BANKEX: The future is behind asset digitalization: a new way of increasing liquidity
BANKEX — It’s all about asset tokenization
The company BANKEX is a fintech foundation, which specializes in developing technologies allowing asset digitalization. The project has many interesting products that interesting for banks and invest companies. Therefore, to accelerate its product development, BankEx team decided to conduct an ICO in August.
Probably, the main direction of BANKEX is the development of a platform, which will allow real assets tokenization and their subsequent purchase or sale. There are many cases which can illustrate our business model — here is one of them:
Lithium- white oil
Let’s start with some analysis. According to Goldman Sachs forecast, the demand for lithium will grow by 3 times by 2025 due to steady demand from manufacturers of electric vehicles and smartphones.
Lithium has already been dubbed white oil, as Tesla and other automakers use it to produce batteries. Ilon Mask said that Tesla Motors will have to buy up all of the lithium in the world to produce the claimed 500,000 cars a year. The world need for lithium mining has never been so acute.
How does digitalization work?
There is a company called LithiumX / product_owner /, which specializes in the digitization of lithium reserves (product). The technological process is constructed as follows: first they scan the lithium reserves from a satellite, then they determine where the lithium is, conduct a first estimation of the lithium reserves and finally they perform an on-site examination of lithium using IoT tools.
There is a mine owner in Chile / originator_order /, who wants to attract investments to extract lithium from his mine.
/ Product_owner / comes to the mine and uses special equipment to determine the amount of lithium in it, the quality of lithium and the difficulty of extraction.
Further, all the data obtained after scanning the mine is generated by the Smart-contract according to the given estimation algorithm (F1 / unique for Lithium mines), then there’s a procedure of asset verification / Escrow/ and finally the LithiumToken is created and placed in the / ethereum / blockchain.
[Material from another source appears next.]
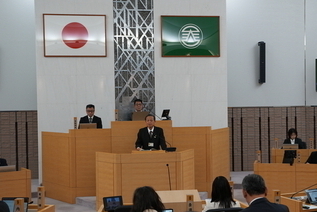 写真：議会一般質問の様子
After that, the LithiumToken is available for a bid offer on the exchange / order_bid /. Further a set of sensors is put on the shaft walls, showing the presence of lithium in it.
Now the owner of the mine in Chile has a smart-contract_final / hard_commitment /. This way we get a LithiumTokenFin, which is a financial instrument (for example: lithium futures), that can be placed on the exchange. Then this LithiumToken becomes liquid all over the world.
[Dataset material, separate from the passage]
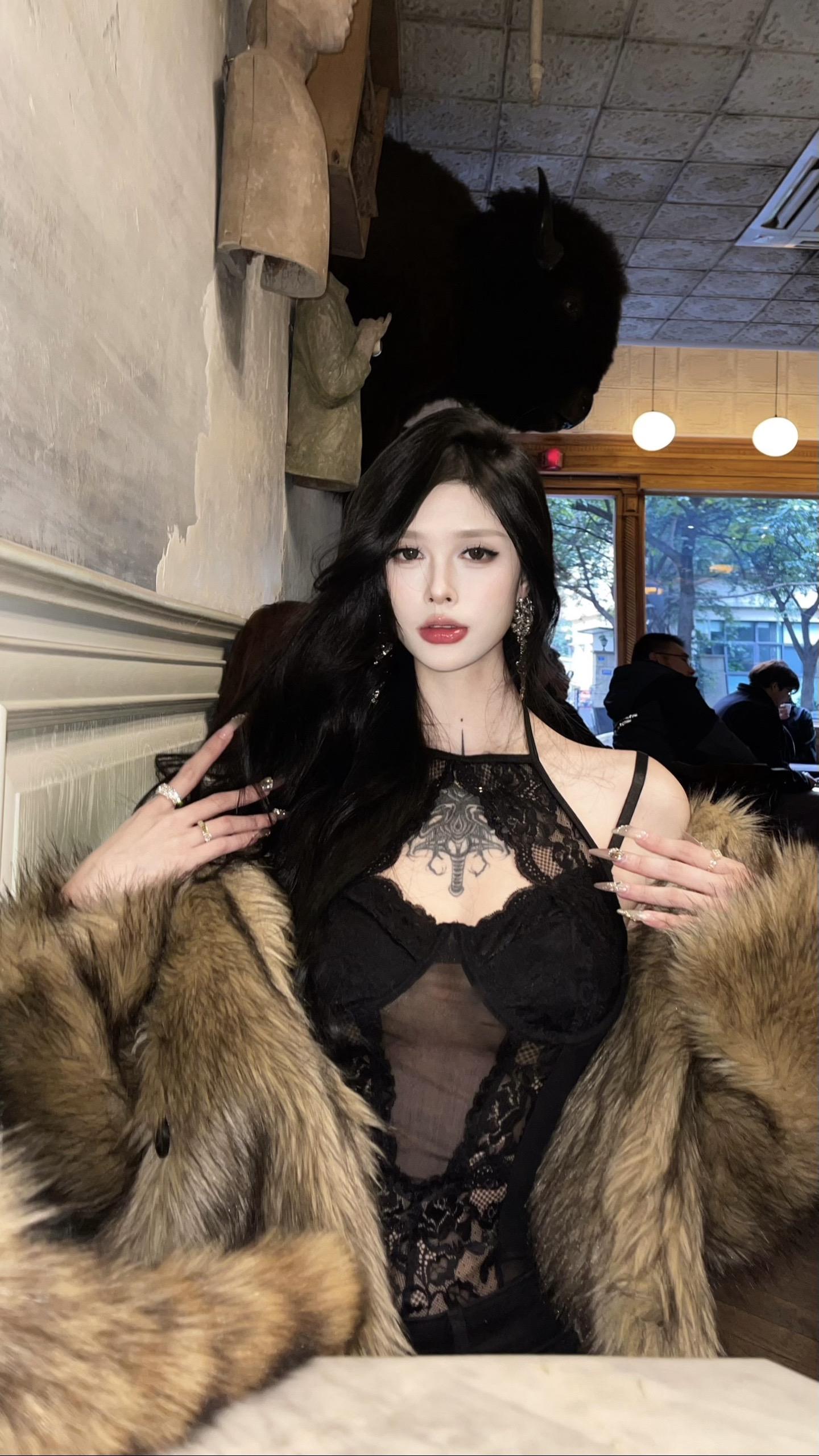 她们都迷人 我不一样 我不理人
Smart-contract / bid / enters the blockchain (structurally it looks like the gateways of the TCP / IP protocol) and goes in the blockchain network / ethereum /, where the contract / proof_of_asset_bankex / meets with a request / ask / from person living in China, who is interested in buying this token.
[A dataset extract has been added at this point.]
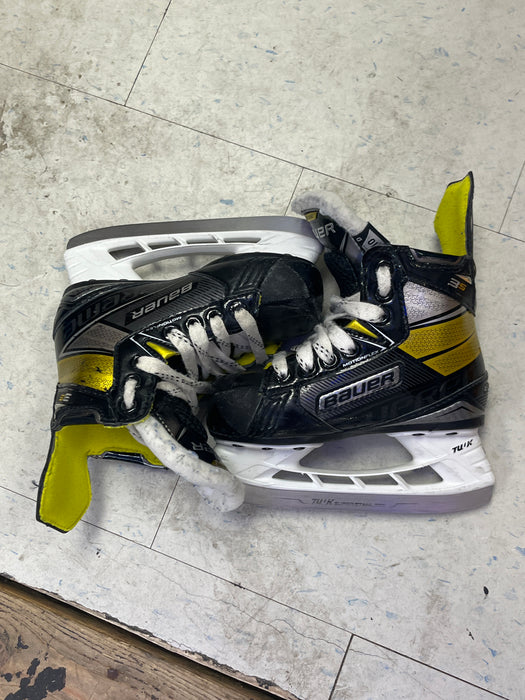 Used Bauer Supreme 3S Size 10 Youth Skates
The buyer is sure that the lithium futures, LithiumToken, in which he/she’s interested in is the same condition as presented in the smart-contract / order_bid / with a fair estimate / smartcontract_1 /, since if some of the lithium disappears, then the smartcontract_1 will be canceled. Next, the buyer, a car manufacturer from China, purchases the LithiumToken and hence becomes the owners of lithium lying in the mine in Chile. Finally, the owner of the mine in Chile / originator_order / receives the necessary investment.